Un autre modèle, développé par Baddeley et Hitch (1974), propose une alternative à la notion de MCT : la mémoire de travail (MT). La MT a souvent été considérée comme la partie activée de la MLT ou comme le champ de la conscience, de l’attention sélective (Tiberghien et al, 1990 ; Lieury, 1994 ; Mandler, 1989). Sa capacité est limitée en quantité et en temps, c'est-à-dire que le nombre d'éléments verbaux qui peuvent être maintenus est limité et dépend de la vitesse d'articulation.

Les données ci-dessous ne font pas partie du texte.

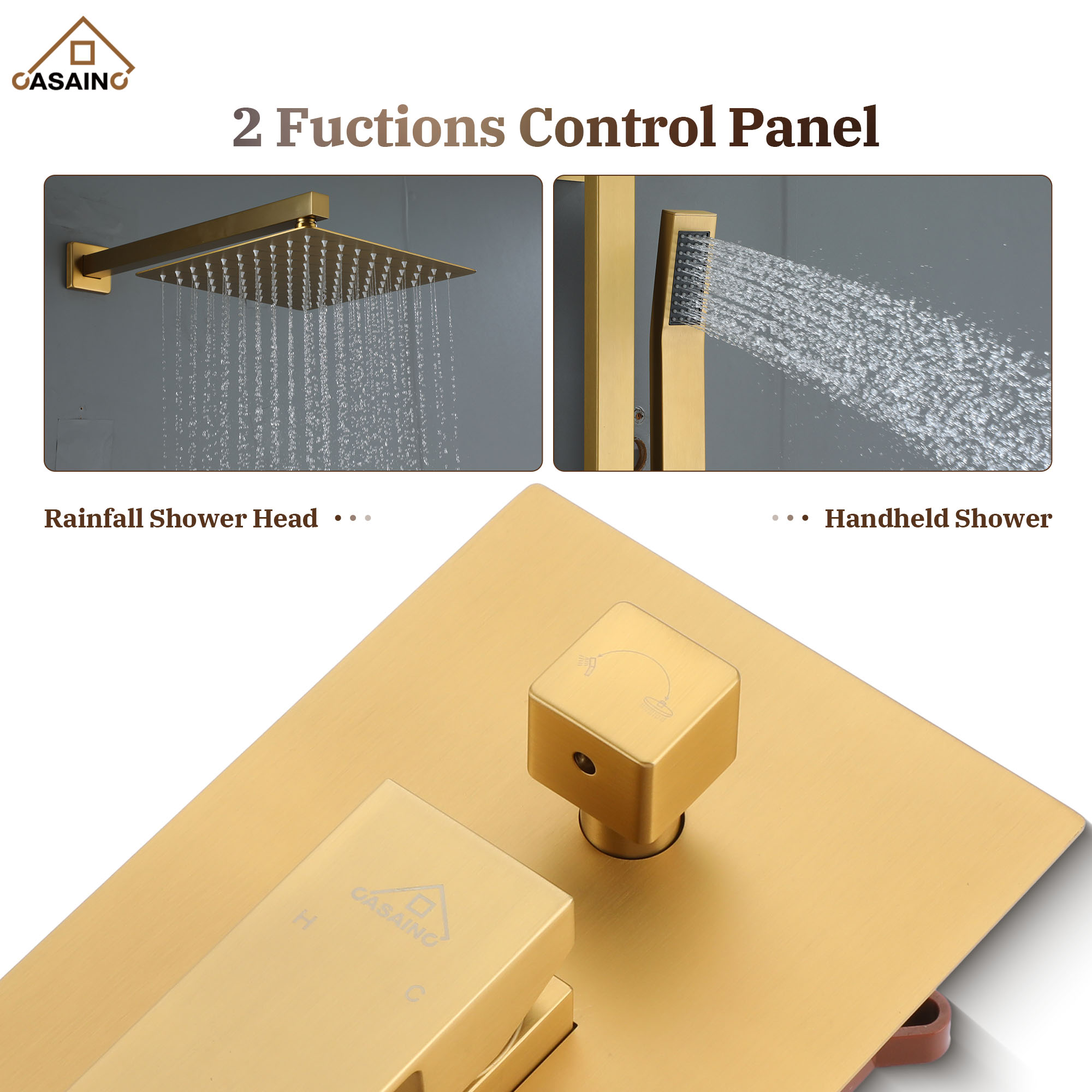 10" Wall Mount Rain Shower Shower System With Hand Shower & Slide Bar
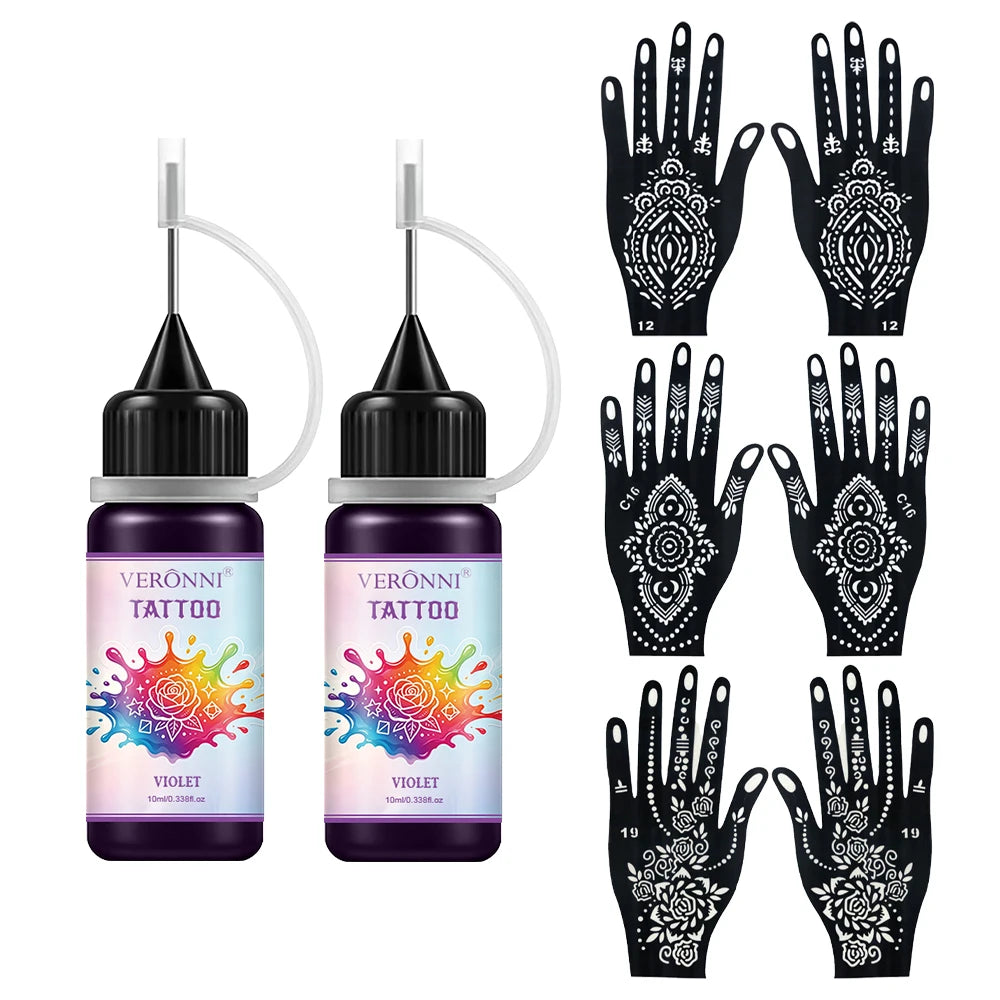 Temporary Tattoo Ink and Stencil Kit for Body Art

Ce modèle est né de la nécessité de remédier aux difficultés du modèle modal, tout en gardant l'idée d'une pluralité des structures qui puisse représenter la complexité du système. L'ambition des auteurs était aussi de fournir une théorie de la mémoire à court terme écologiquement plausible en se penchant sur son rôle dans les activités d'apprentissage, de raisonnement, et de compréhension du langage (Baddeley, 1983, 1989). En effet, le modèle de Atkinson et Shiffrin ne faisait que supposer, sans preuve expérimentale forte, que la MCT intervenait dans ce type d’activités cognitives.

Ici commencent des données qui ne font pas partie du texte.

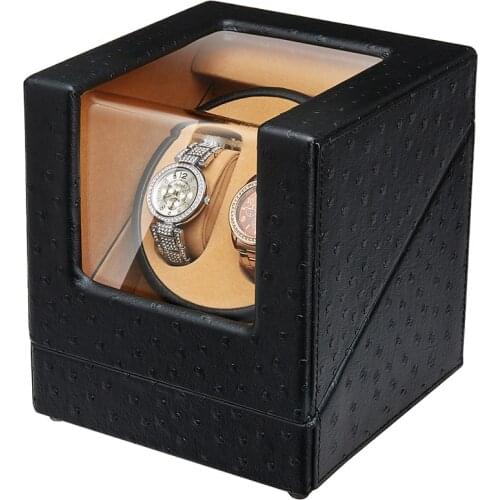 Good Quality Watch Winder 2+0 Storage 5 Working Modes Black MDF PU Leather Interior With Quite Motor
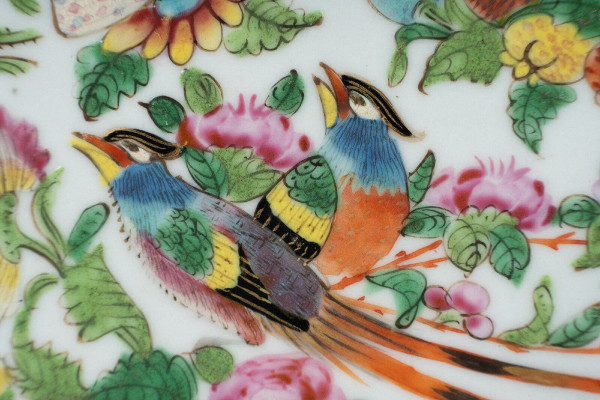 19th century Canton porcelain plate with butterfly and bird design
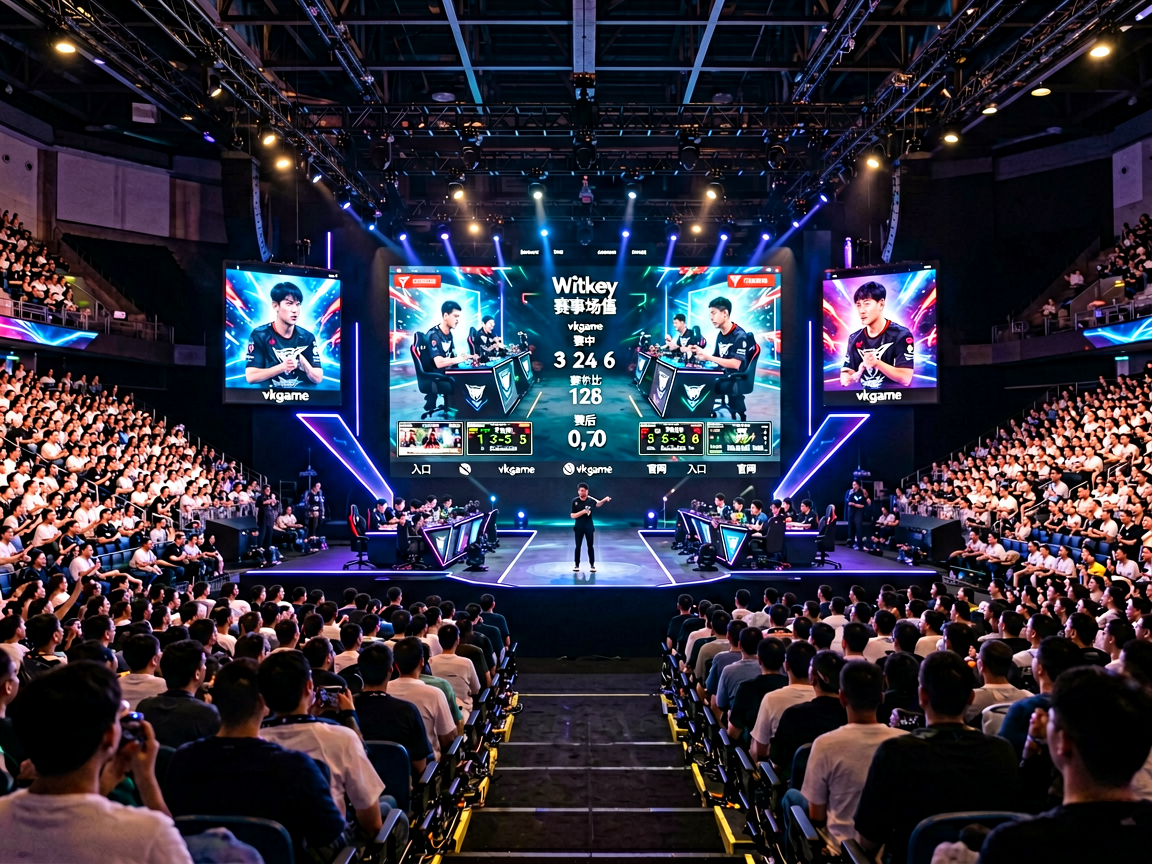 威客电竞电竞赛事现场全景，舞台中央大屏幕显示比赛画面，观众席座无虚席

Le principal paradigme expérimental utilisé par Baddeley et Hitch (1974), et qui est également très répandu dans les recherches sur l’attention, est celui de la double tâche où le sujet doit réaliser simultanément deux activités cognitives requérant de façon hypothétique l’utilisation de la mémoire de travail. Par exemple, une tâche d’empan mnésique et une tâche d’apprentissage ou de raisonnement. L’hypothèse correspondante est que si les deux tâches demandent ensemble le concours de la MT, les performances seront amoindries par rapport à celles obtenues lors d’une tâche isolée. Pour éviter une éventuelle alternance entre les deux tâches, les sujets doivent répéter de façon continue les chiffres pendant qu’ils tentent de réaliser la seconde tâche.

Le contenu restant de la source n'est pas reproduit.